Today’s Question: It seems that the standard color space is Adobe RGB. But if the vast majority of my photos are printed by a lab that will only accept images in the sRGB color space, it seems to me that I should synchronize the color spaces on my camera, monitor, and software to sRGB. But if I do, how much do I lose when viewing images on a monitor or projecting them to a plasma or LCD TV?
Tim’s Quick Answer: If most of your printed output is generated with a workflow that revolves around sRGB, it is perfectly reasonable to standardize your overall workflow on the sRGB color space, with very little risk of losing significant color or detail in your photos.
More Detail: The sRGB color space is often referred to as being a “small” color space, when in fact it is simply smaller than the other commonly used color spaces of Adobe RGB and ProPhoto RGB. The sRGB color space is still perfectly adequate for printing photos and is especially well-suited to images being displayed electronically, such as on a monitor or digital projector.

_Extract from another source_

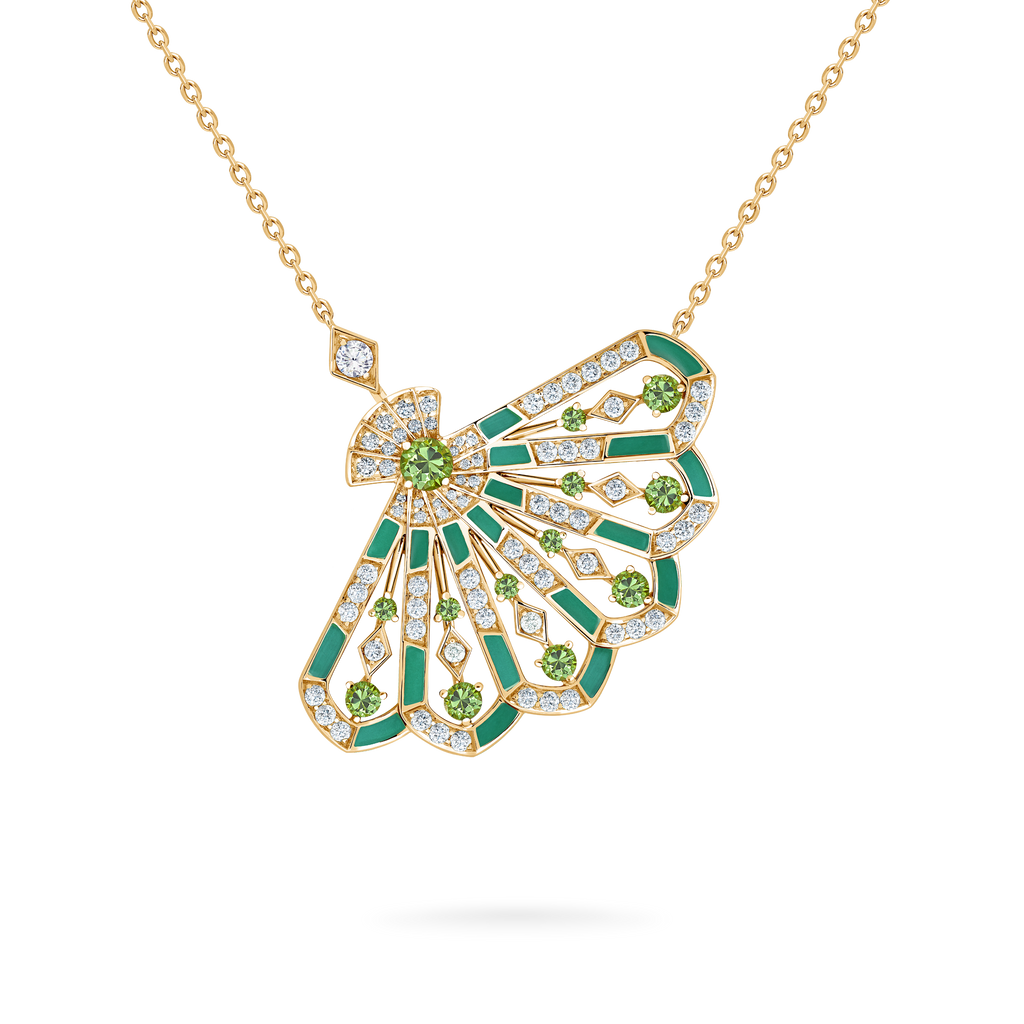 Fanfare Symphony Diamond and Tsavorite Pendant | In 18ct Yellow Gold with Apple Malachite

There’s no need to set your camera to the sRGB color space if you are shooting in raw (as I highly recommend doing). You can, however, set the in-camera color space to sRGB to get a bit of a more accurate preview of the image based on the sRGB color space.

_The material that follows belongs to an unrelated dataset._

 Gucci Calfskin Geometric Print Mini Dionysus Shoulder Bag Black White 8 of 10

In Lightroom Classic you don’t have control over the color space being used within Lightroom Classic, as a variation on ProPhoto RGB is always used in the background. When sending images to Photoshop you could certainly use the sRGB color space.
My personal preference in this type of workflow would be to use the ProPhoto RGB color space in Photoshop. Then use sRGB whenever you are exporting photos to be printed by the printer, or for digital sharing.
There’s no inherent benefit to using the sRGB color space through your full workflow, as color management in your workflow will ensure you are getting an accurate preview of the colors in your images. So, my recommendation in general is to use a larger color space for editing, and then the appropriate color space when preparing photos for specific output. That said, there’s certainly not any significant risk in converting photos to the sRGB color space when they will ultimately be printed or otherwise shared using that color space.